Excerpts from Sean Penn's book are here, and they are worse than can be imagined

“There is pride to be had where the prejudicial is practiced with precision in the trenchant triage of tactile terminations.”

No, this is not a tongue twister you’d hear muttered in the wings of a high school stage play. This is, no lie, just one of several deadening excerpts from Bob Honey Who Just Do Stuff, the debut novel of actor Sean Penn, who, terrifyingly, seems to be giving up acting in favor of poorly aping Thomas Pynchon and successfully embodying Charles Bukowski.

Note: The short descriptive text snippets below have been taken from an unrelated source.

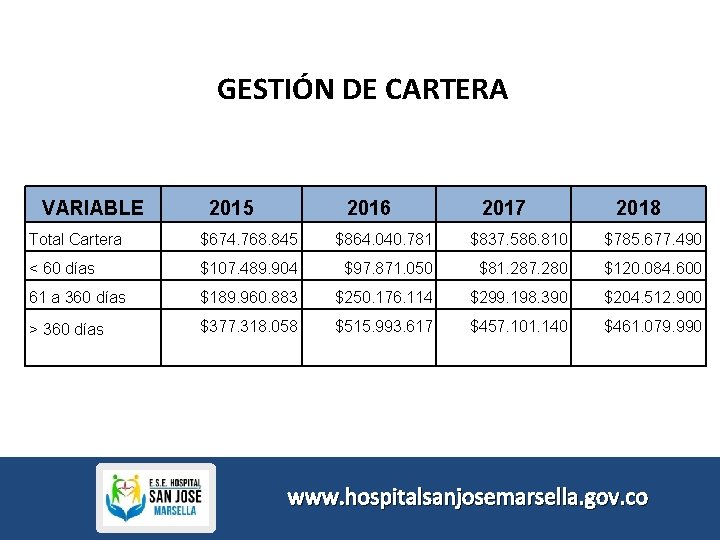 GESTIÓN DE CARTERA VARIABLE 2015 2016 2017 2018 Total Cartera $674. 768. 845 $864.
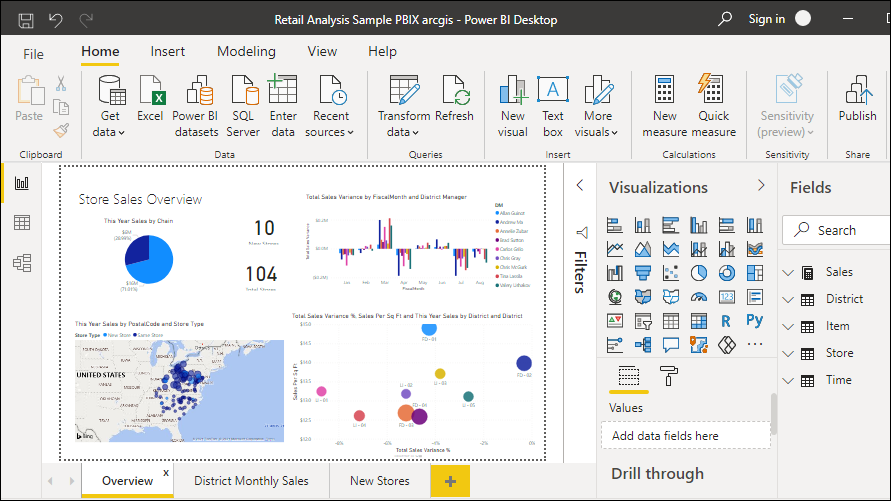 Power BI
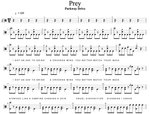 Prey Parkway Drive Full Drum Transcription / Drum Sheet Music Cyril Mayer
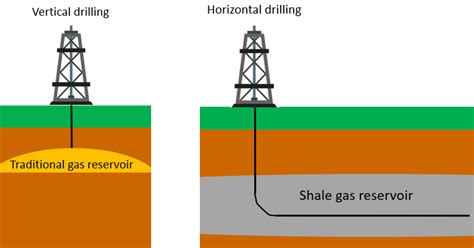 Gas Drilling And Completion · Energy Knowledgebase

The 160-page novel tells the story of its namesake character, a septic tank entrepreneur and contract killer who Forrest Gumps his way through Hurricane Katrina, Baghdad at the outset of the Iraq War, and the “penis-edency” of a Donald Trumpian commander in chief. Huffington Post’s Claire Fallon describes it as “an exercise in ass-showing, a 160-page self-own.” Other reviews are kinder, if similarly unimpressed. The New York Times calls it “agonizing” and “conspicuously un-fun,” while Entertainment Weekly criticizes its “woozy gender politics” while dubbing it “shrill,” “confounding,” and “a little hypocritical.”

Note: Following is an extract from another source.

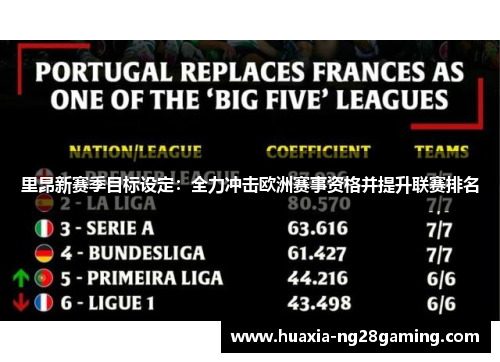 里昂新赛季目标设定:全力冲击欧洲赛事资格并提升联赛排名 里昂新赛季目标设定:全力冲击欧洲赛事资格并提升联赛排名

But one needn’t dig far to discover the dissertation’s most dunk-worthy declarations, which allow for an astonishing abundance of alliterative announcements. Fallon’s collected some examples of her own:

“Bob’s boyhood essence set him up for a separation from time, synergy, and social mores, leading him to acts of indelicacy, wounding words, and woeful whimsy that he himself would come to dread.” ― page 12

“Silly questions of cherries saved served to sever any last impression Bob might have had of Spurley as a serious citizen.” ― page 94

“There is pride to be had where the prejudicial is practiced with precision in the trenchant triage of tactile terminations.” ― page 125

“His dream’s desert daylight diffusion dictated disturbances in the void of visual detail.” ― page 142

And she’s not the only one who noticed.

And then there’s the book’s epilogue, a six-page poem about the #MeToo movement. “Was it really in our interest to trample Charlie Rose?” he asks. Maybe he should ask the 11 women the dude groped against their will?

And we thought he couldn’t sink lower than The Last Face.